- Opening Delimiter -

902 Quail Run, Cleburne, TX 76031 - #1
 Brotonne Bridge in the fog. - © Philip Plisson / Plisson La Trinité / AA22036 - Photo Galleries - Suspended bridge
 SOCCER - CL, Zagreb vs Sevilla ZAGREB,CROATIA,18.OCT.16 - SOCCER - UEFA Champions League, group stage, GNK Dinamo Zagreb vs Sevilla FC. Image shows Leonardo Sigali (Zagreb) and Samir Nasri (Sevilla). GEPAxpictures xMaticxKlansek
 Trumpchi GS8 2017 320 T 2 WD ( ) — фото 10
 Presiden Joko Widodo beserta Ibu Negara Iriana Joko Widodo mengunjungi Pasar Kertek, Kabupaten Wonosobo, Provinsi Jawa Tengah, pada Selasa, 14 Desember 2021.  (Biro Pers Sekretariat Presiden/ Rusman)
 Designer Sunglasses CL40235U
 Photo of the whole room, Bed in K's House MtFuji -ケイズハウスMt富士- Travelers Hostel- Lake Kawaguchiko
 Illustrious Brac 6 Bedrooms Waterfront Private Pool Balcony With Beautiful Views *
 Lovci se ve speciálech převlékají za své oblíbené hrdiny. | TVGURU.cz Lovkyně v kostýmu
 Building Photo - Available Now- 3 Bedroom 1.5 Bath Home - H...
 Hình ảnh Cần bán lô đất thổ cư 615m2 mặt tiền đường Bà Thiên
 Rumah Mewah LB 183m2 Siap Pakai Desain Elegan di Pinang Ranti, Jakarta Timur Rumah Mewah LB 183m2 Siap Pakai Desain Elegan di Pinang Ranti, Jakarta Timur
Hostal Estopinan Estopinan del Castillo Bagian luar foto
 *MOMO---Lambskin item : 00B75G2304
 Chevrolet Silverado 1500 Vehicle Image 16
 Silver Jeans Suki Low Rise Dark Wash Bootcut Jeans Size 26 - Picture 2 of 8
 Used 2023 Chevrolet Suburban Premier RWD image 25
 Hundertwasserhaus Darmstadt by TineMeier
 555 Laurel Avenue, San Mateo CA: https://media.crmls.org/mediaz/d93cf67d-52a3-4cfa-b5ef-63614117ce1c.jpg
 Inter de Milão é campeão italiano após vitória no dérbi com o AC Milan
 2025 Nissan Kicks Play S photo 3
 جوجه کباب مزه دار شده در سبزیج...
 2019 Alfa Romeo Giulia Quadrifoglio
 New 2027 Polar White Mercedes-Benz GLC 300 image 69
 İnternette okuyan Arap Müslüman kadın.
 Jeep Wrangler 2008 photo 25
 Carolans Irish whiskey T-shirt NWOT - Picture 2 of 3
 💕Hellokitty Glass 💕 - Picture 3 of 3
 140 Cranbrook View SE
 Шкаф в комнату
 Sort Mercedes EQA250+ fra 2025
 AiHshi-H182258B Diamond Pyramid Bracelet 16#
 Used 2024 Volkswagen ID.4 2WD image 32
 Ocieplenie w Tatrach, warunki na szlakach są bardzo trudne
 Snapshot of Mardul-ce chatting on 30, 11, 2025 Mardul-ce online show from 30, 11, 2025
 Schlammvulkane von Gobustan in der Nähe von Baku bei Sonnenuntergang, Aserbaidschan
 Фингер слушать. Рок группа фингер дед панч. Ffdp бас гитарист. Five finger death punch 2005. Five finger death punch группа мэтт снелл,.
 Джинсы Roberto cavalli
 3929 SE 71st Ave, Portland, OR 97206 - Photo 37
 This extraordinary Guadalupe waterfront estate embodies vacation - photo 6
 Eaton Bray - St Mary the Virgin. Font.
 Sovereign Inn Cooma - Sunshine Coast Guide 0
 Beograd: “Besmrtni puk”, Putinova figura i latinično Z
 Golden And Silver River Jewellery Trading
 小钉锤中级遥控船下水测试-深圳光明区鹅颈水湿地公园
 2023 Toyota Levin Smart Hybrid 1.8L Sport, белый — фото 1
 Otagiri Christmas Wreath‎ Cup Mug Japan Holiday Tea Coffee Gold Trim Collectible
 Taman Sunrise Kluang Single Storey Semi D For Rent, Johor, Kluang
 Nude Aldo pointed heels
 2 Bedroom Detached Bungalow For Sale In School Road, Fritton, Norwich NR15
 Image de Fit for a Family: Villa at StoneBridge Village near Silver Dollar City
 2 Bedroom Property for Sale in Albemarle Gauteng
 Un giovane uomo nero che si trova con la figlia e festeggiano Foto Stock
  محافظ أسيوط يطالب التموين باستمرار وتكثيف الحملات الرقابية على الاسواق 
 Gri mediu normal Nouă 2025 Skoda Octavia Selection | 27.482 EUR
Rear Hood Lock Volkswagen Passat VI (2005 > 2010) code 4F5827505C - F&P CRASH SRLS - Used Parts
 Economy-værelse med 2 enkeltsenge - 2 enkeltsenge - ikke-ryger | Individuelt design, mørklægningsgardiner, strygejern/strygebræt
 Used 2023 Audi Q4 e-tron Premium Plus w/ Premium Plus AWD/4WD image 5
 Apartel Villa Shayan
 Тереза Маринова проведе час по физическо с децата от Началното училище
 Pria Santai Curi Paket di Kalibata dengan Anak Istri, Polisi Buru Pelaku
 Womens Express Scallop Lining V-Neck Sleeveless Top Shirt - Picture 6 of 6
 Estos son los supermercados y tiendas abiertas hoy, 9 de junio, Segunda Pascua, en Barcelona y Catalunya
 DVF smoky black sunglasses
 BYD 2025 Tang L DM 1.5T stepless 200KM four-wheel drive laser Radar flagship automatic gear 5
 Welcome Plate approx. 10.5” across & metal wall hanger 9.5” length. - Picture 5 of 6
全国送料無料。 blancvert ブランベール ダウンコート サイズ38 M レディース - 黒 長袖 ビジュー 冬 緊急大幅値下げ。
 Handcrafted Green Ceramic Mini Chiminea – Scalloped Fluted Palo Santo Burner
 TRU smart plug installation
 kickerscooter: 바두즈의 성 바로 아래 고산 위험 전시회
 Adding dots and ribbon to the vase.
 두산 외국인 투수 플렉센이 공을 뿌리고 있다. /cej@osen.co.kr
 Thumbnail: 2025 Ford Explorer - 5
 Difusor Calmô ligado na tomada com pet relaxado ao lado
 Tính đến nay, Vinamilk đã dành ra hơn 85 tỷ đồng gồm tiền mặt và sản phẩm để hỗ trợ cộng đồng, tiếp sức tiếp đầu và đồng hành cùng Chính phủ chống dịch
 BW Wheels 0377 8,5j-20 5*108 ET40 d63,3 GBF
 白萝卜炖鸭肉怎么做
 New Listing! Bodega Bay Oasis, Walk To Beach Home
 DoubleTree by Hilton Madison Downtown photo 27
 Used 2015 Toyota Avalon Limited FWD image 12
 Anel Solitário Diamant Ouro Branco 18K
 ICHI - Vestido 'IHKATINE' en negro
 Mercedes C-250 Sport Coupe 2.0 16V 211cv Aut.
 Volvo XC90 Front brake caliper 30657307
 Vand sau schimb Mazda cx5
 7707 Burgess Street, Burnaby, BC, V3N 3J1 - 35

- Closing Delimiter -

Try it -> The full listing above needs to be given again exactly.

Exercise result ->
902 Quail Run, Cleburne, TX 76031 - #1
 Brotonne Bridge in the fog. - © Philip Plisson / Plisson La Trinité / AA22036 - Photo Galleries - Suspended bridge
 SOCCER - CL, Zagreb vs Sevilla ZAGREB,CROATIA,18.OCT.16 - SOCCER - UEFA Champions League, group stage, GNK Dinamo Zagreb vs Sevilla FC. Image shows Leonardo Sigali (Zagreb) and Samir Nasri (Sevilla). GEPAxpictures xMaticxKlansek
 Trumpchi GS8 2017 320 T 2 WD ( ) — фото 10
 Presiden Joko Widodo beserta Ibu Negara Iriana Joko Widodo mengunjungi Pasar Kertek, Kabupaten Wonosobo, Provinsi Jawa Tengah, pada Selasa, 14 Desember 2021.  (Biro Pers Sekretariat Presiden/ Rusman)
 Designer Sunglasses CL40235U
 Photo of the whole room, Bed in K's House MtFuji -ケイズハウスMt富士- Travelers Hostel- Lake Kawaguchiko
 Illustrious Brac 6 Bedrooms Waterfront Private Pool Balcony With Beautiful Views *
 Lovci se ve speciálech převlékají za své oblíbené hrdiny. | TVGURU.cz Lovkyně v kostýmu
 Building Photo - Available Now- 3 Bedroom 1.5 Bath Home - H...
 Hình ảnh Cần bán lô đất thổ cư 615m2 mặt tiền đường Bà Thiên
 Rumah Mewah LB 183m2 Siap Pakai Desain Elegan di Pinang Ranti, Jakarta Timur Rumah Mewah LB 183m2 Siap Pakai Desain Elegan di Pinang Ranti, Jakarta Timur
Hostal Estopinan Estopinan del Castillo Bagian luar foto
 *MOMO---Lambskin item : 00B75G2304
 Chevrolet Silverado 1500 Vehicle Image 16
 Silver Jeans Suki Low Rise Dark Wash Bootcut Jeans Size 26 - Picture 2 of 8
 Used 2023 Chevrolet Suburban Premier RWD image 25
 Hundertwasserhaus Darmstadt by TineMeier
 555 Laurel Avenue, San Mateo CA: https://media.crmls.org/mediaz/d93cf67d-52a3-4cfa-b5ef-63614117ce1c.jpg
 Inter de Milão é campeão italiano após vitória no dérbi com o AC Milan
 2025 Nissan Kicks Play S photo 3
 جوجه کباب مزه دار شده در سبزیج...
 2019 Alfa Romeo Giulia Quadrifoglio
 New 2027 Polar White Mercedes-Benz GLC 300 image 69
 İnternette okuyan Arap Müslüman kadın.
 Jeep Wrangler 2008 photo 25
 Carolans Irish whiskey T-shirt NWOT - Picture 2 of 3
 💕Hellokitty Glass 💕 - Picture 3 of 3
 140 Cranbrook View SE
 Шкаф в комнату
 Sort Mercedes EQA250+ fra 2025
 AiHshi-H182258B Diamond Pyramid Bracelet 16#
 Used 2024 Volkswagen ID.4 2WD image 32
 Ocieplenie w Tatrach, warunki na szlakach są bardzo trudne
 Snapshot of Mardul-ce chatting on 30, 11, 2025 Mardul-ce online show from 30, 11, 2025
 Schlammvulkane von Gobustan in der Nähe von Baku bei Sonnenuntergang, Aserbaidschan
 Фингер слушать. Рок группа фингер дед панч. Ffdp бас гитарист. Five finger death punch 2005. Five finger death punch группа мэтт снелл,.
 Джинсы Roberto cavalli
 3929 SE 71st Ave, Portland, OR 97206 - Photo 37
 This extraordinary Guadalupe waterfront estate embodies vacation - photo 6
 Eaton Bray - St Mary the Virgin. Font.
 Sovereign Inn Cooma - Sunshine Coast Guide 0
 Beograd: “Besmrtni puk”, Putinova figura i latinično Z
 Golden And Silver River Jewellery Trading
 小钉锤中级遥控船下水测试-深圳光明区鹅颈水湿地公园
 2023 Toyota Levin Smart Hybrid 1.8L Sport, белый — фото 1
 Otagiri Christmas Wreath‎ Cup Mug Japan Holiday Tea Coffee Gold Trim Collectible
 Taman Sunrise Kluang Single Storey Semi D For Rent, Johor, Kluang
 Nude Aldo pointed heels
 2 Bedroom Detached Bungalow For Sale In School Road, Fritton, Norwich NR15
 Image de Fit for a Family: Villa at StoneBridge Village near Silver Dollar City
 2 Bedroom Property for Sale in Albemarle Gauteng
 Un giovane uomo nero che si trova con la figlia e festeggiano Foto Stock
  محافظ أسيوط يطالب التموين باستمرار وتكثيف الحملات الرقابية على الاسواق 
 Gri mediu normal Nouă 2025 Skoda Octavia Selection | 27.482 EUR
Rear Hood Lock Volkswagen Passat VI (2005 > 2010) code 4F5827505C - F&P CRASH SRLS - Used Parts
 Economy-værelse med 2 enkeltsenge - 2 enkeltsenge - ikke-ryger | Individuelt design, mørklægningsgardiner, strygejern/strygebræt
 Used 2023 Audi Q4 e-tron Premium Plus w/ Premium Plus AWD/4WD image 5
 Apartel Villa Shayan
 Тереза Маринова проведе час по физическо с децата от Началното училище
 Pria Santai Curi Paket di Kalibata dengan Anak Istri, Polisi Buru Pelaku
 Womens Express Scallop Lining V-Neck Sleeveless Top Shirt - Picture 6 of 6
 Estos son los supermercados y tiendas abiertas hoy, 9 de junio, Segunda Pascua, en Barcelona y Catalunya
 DVF smoky black sunglasses
 BYD 2025 Tang L DM 1.5T stepless 200KM four-wheel drive laser Radar flagship automatic gear 5
 Welcome Plate approx. 10.5” across & metal wall hanger 9.5” length. - Picture 5 of 6
全国送料無料。 blancvert ブランベール ダウンコート サイズ38 M レディース - 黒 長袖 ビジュー 冬 緊急大幅値下げ。
 Handcrafted Green Ceramic Mini Chiminea – Scalloped Fluted Palo Santo Burner
 TRU smart plug installation
 kickerscooter: 바두즈의 성 바로 아래 고산 위험 전시회
 Adding dots and ribbon to the vase.
 두산 외국인 투수 플렉센이 공을 뿌리고 있다. /cej@osen.co.kr
 Thumbnail: 2025 Ford Explorer - 5
 Difusor Calmô ligado na tomada com pet relaxado ao lado
 Tính đến nay, Vinamilk đã dành ra hơn 85 tỷ đồng gồm tiền mặt và sản phẩm để hỗ trợ cộng đồng, tiếp sức tiếp đầu và đồng hành cùng Chính phủ chống dịch
 BW Wheels 0377 8,5j-20 5*108 ET40 d63,3 GBF
 白萝卜炖鸭肉怎么做
 New Listing! Bodega Bay Oasis, Walk To Beach Home
 DoubleTree by Hilton Madison Downtown photo 27
 Used 2015 Toyota Avalon Limited FWD image 12
 Anel Solitário Diamant Ouro Branco 18K
 ICHI - Vestido 'IHKATINE' en negro
 Mercedes C-250 Sport Coupe 2.0 16V 211cv Aut.
 Volvo XC90 Front brake caliper 30657307
 Vand sau schimb Mazda cx5
 7707 Burgess Street, Burnaby, BC, V3N 3J1 - 35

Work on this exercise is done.